Centro de Estudo e Pesquisas Clínicas de São Paulo

Prof. Dr. Zan Mustacchi

Será mesmo que dominamos o Genoma?

Com grande impacto, surpresos, ansiosos e, de certa forma, eufóricos recebemos recentemente a seguinte informação: O genoma humano está desvendado!!!…
O que é? Como é? E agora? Será que dominamos realmente o segredo da vida?
Em um infeliz discurso o atual presidente norte-americano citou entre linhas “…dominamos o segredo de Deus!!…”, mal sabe ele (comedor de hamburguer, batata-frita e Coca-Cola) que estamos muito longe da sua insaciável onipotência e intransigência, ele parece que quer ser o ‘Dono do mundo’.
A verdade ainda ninguém domina. E se eventualmente somos ingênuos a ponto de acreditarmos que um dia dominaremos, eu lamento dizer-lhes que nem seus tataranetos viverão este dia! Mesmo considerando o avançar de exponencial progressivo do conhecimento e “domínio” da genética, que muitos afirmam: “Um ano de pesquisas, atualmente, gera informações que ultrapassam a vinte anos anteriores”.
Genoma é a coleção de genes com as instruções para produzir um ser humano.
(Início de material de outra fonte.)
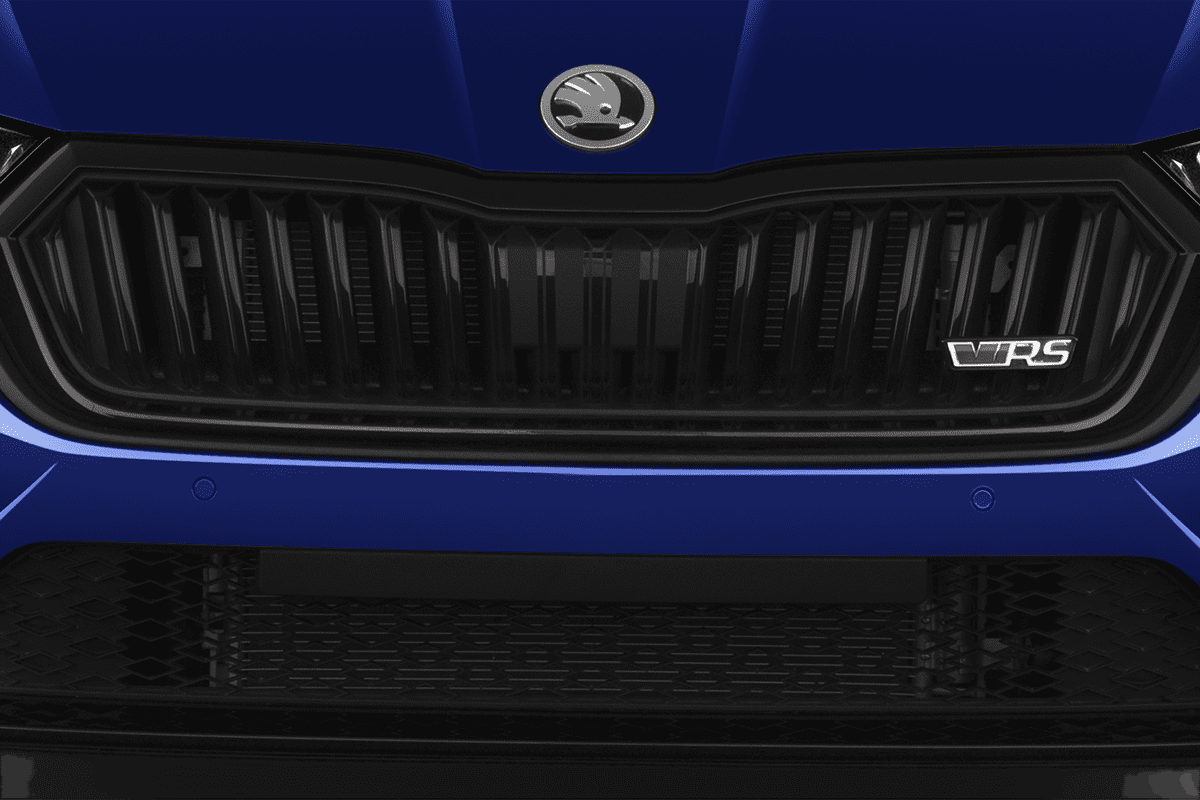 Kühlergrill eines Skoda Octavia Combi RS iV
Células são estruturas que contém, em seu núcleo, 46 cromossomos que armazenam as informações que instruem o funcionamento do organismo; Cromossomos são elementos contidos neste núcleo e responsabilizam-se pelo pool de DNA com informações gênicas que são cerca de 100 mil genes, os quais se combinam para formar as características individuais e compõem o genoma humano; O DNA é a matéria-prima dos cromossomos, composta por sequências de 4 substâncias químicas, definidas como bases nitrogenadas A,T,C e G. Quando ocorre uma alteração da sequência lógica destas bases define-se um erro genético, chamado de mutação, e a consequência desta pode resultar numa doença genética.
Estima-se que existam de 3 mil a 4 mil doenças hereditárias. A doença genética ocorre a partir de uma mutação (erro), que pode ser transmitida com a reprodução do gene defeituoso dos pais para os filhos.
Já em meados do século XVII Francis Bacon pensava na ciência como um instrumento por excelência necessário para melhorar a vida da humanidade, garantindo o bem-estar dos indivíduos. Busca-se aí um elo entre o tradicional e o moderno, estando em jogo a ilusão de que a ciência é o remédio para a cura de todos os males que afligem as populações mundiais. É anunciada a possibilidade do fim da miséria humana.
Talvez seja uma mera coincidência, mas “promessas de esperança” em torno do Projeto Genoma Humano previram um futuro harmonioso e sadio para todo o planeta. Esse futuro (presente) talvez tenha começado a ser delineado já no século XVI até parte do XVIII com as frequentes experimentações públicas, nas quais os cientistas produziram uma verdadeira espetacularização da pesquisa em andamento, muitas ocorriam em praças públicas e terminavam por reforçar e legitimar a imagem do “homem de ciência”.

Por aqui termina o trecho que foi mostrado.